*** Information supplied
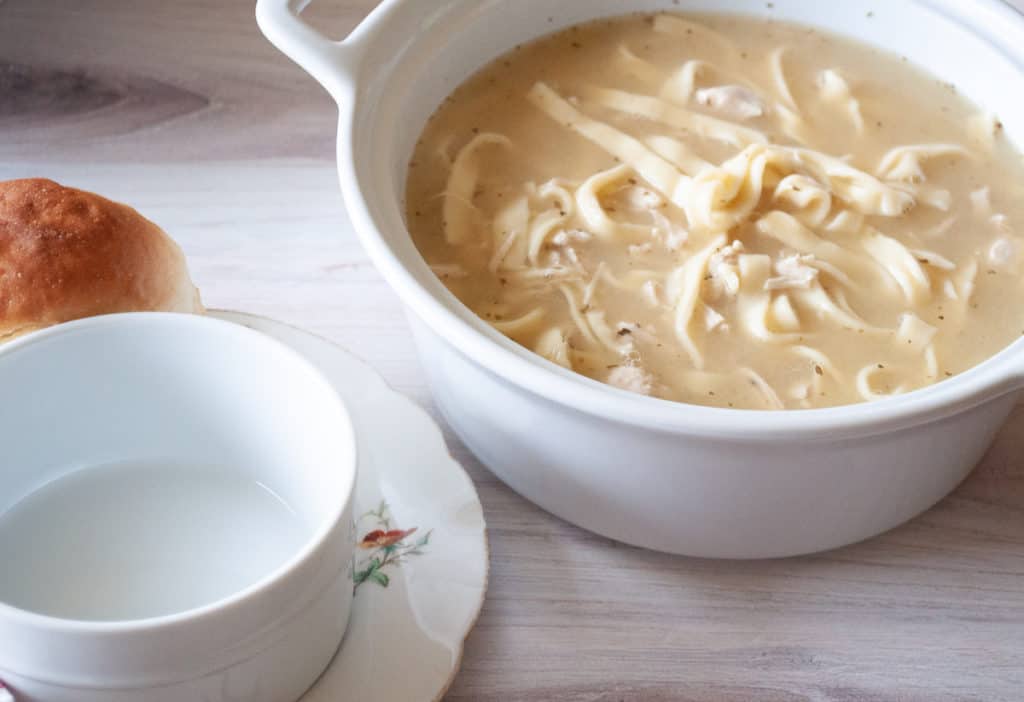 A pot of instant pot chicken and noodles soup with a bread on the side.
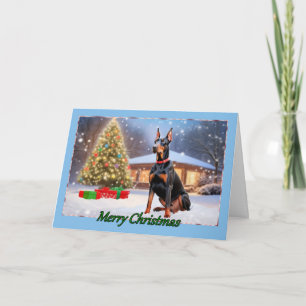 Doberman avec une carte de Noël Arbre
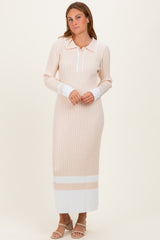 woman wearing a beige ribbed long sleeve maxi dress with white stripe details and a collared neckline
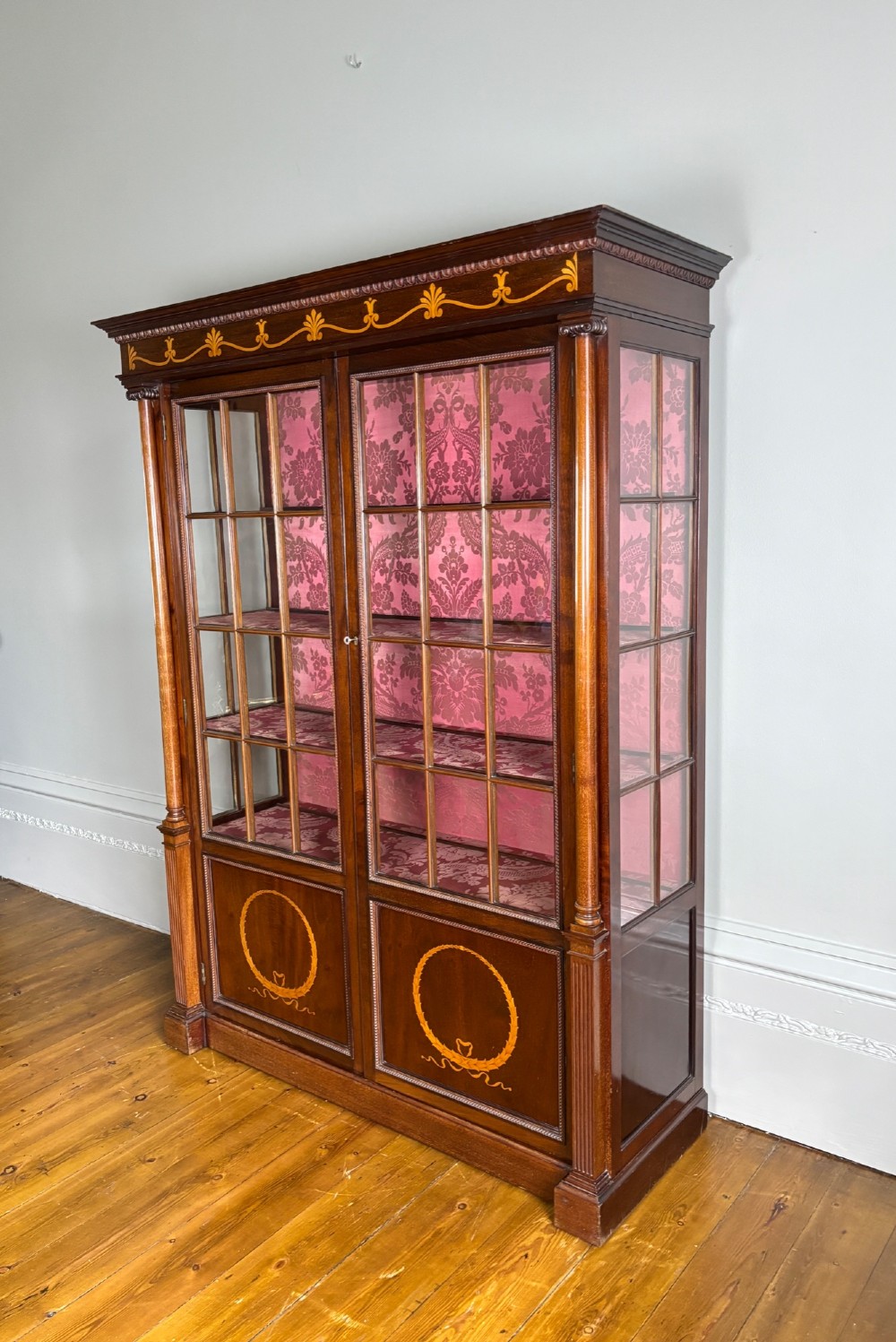 A tall dark rosewood display cabinet featuring two glazed doors with pink damask fabric lining, flanked by reeded side columns and decorated with inlaid frieze swags and wreath motifs. View XV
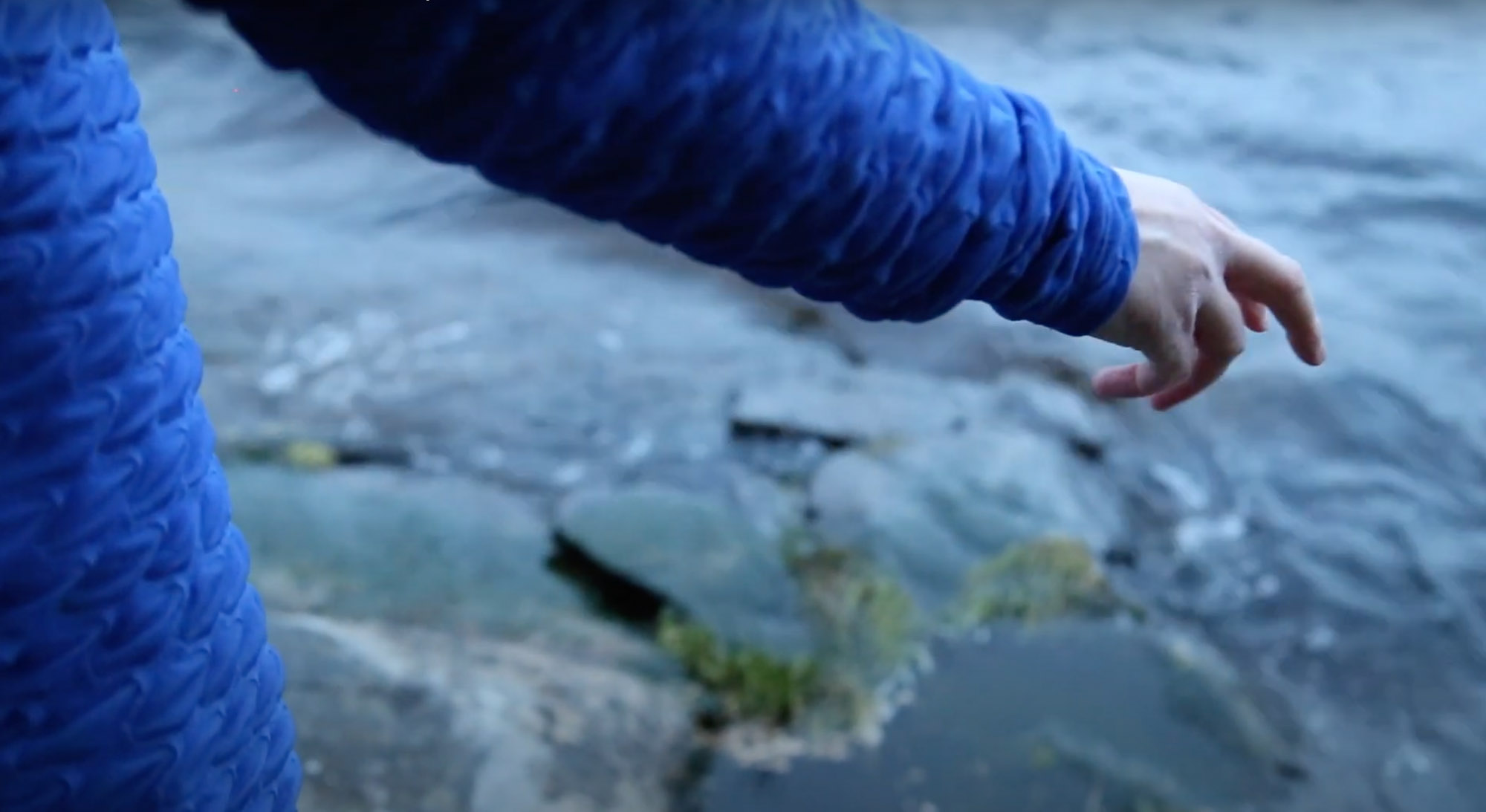 Lähikuva virtaavasta vedestä, jota ihmisen käsi melkein koskettaa.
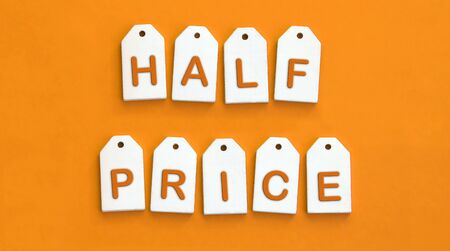 Nine white wooden tags with the word HALF PRICE on a orange background. Sales concept.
******
• Task goal: The answer consists solely of the lines from the one holding "woman wearing a" through the final line of the records, both ends included, each duplicated exactly. Leave images out.

• Reply to the task:
 woman wearing a beige ribbed long sleeve maxi dress with white stripe details and a collared neckline
 A tall dark rosewood display cabinet featuring two glazed doors with pink damask fabric lining, flanked by reeded side columns and decorated with inlaid frieze swags and wreath motifs. View XV
 Lähikuva virtaavasta vedestä, jota ihmisen käsi melkein koskettaa.
 Nine white wooden tags with the word HALF PRICE on a orange background. Sales concept.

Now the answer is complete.